Two years ago I was told those dreadful words: you have cancer. Our lives changed pretty dramatically on that day and over the next couple of weeks as we learned the extent of what we were facing. To say it has been a roller coaster couple of years is putting it lightly. It's like we've been on a rickety wooden roller coaster without any safety constraints. But we're still holding on. And occasionally it's even fun (as roller coasters and life tend to be).
In the past two years, I've been bald twice, endured four surgeries and countless gallons of medicine pumped into my bloodstream. I've lost my fertility and my eyebrows. And my breasts. I've raised nearly $20,000 for the Avon Foundation for Women to fight breast cancer and I've met some pretty incredible people who probably wouldn't be in my life but for cancer. So it hasn't been all terrible.
That doesn't mean I don't still cry when I hear about a friend's colleague who was just diagnosed with leukemia and has to spend five weeks at a time hospitalized and away from her young children. Or when a woman one friend described as our "cancer-land ambassador" entered hospice last week. I cry more now than I ever did pre-cancer.
I've learned a little about empathy over the past twenty-four months. I've also learned that it's okay to experience all these emotions, so long as I can find my way out of them pretty quickly. So long as I don't linger in the fear, the grief, the sadness.
I've also learned that living with incurable cancer means we've never quite arrived at the “new normal” that people talk about post-treatment. I still have scans every three months (in fact, I have a PET scan and a brain MRI tomorrow. Fingers crossed, please.) I still come in for treatment every three weeks. I still think about cancer more days than not.
On the other hand, life goes on, and it's better if you join in on it rather than swim around in your own head full of anxieties and dread. Those can get to be awfully dark waters--at least in my head--and it can feel like you're drowning in them.
My boys are my lifesavers.
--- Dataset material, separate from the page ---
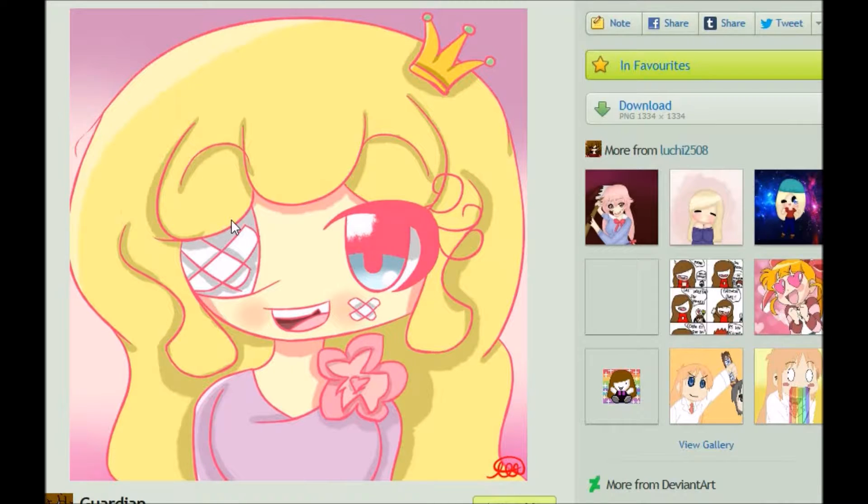I chose this particular piece to talk about because of its aesthetic nature. I really enjoy looking at the colors in this, and I really enjoy the shading as well. I think overall it was a good representation of the quality of the artist's work. I honestly wouldn't have anything to criticize about this. I appreciate that the artist always puts a background in their work — that's really important, especially in digital artwork.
They pull me out of those dark places every time. When I whine to Chris that I'll never get to wake up again without cancer in my life, he says: "But you get to wake up again."
Speaking of life going on, of getting out of my head, of going to a place that just about never gets dark, at least not this time of year, we just spent a week visiting my brother and his family in Fairbanks, Alaska.
We took the train into Denali, which just about blew Quinn's mind.
We spent a significant amount of time outside, which always makes me feel more alive.
Quinn approved of the cabins.
That's my brother and nephew, on the left. My boys on the right. Good looking crew, no?
And this is the view out my brother's window at 11:45 p.m. Yep, almost midnight and the sun was just setting.
On the way home from Alaska, we stopped in northern California to check in on my mother-in-law. At her house yesterday, I stumbled across an AARP magazine and an article about a woman who was diagnosed with Stage IV gallbladder cancer and given three months to live. That was more than five years ago. She is thriving today. Doctors can't quite explain it. The woman said she lives by a line in Lance Armstrong's book It's Not About the Bike that goes something like: "If you can move, you're not sick."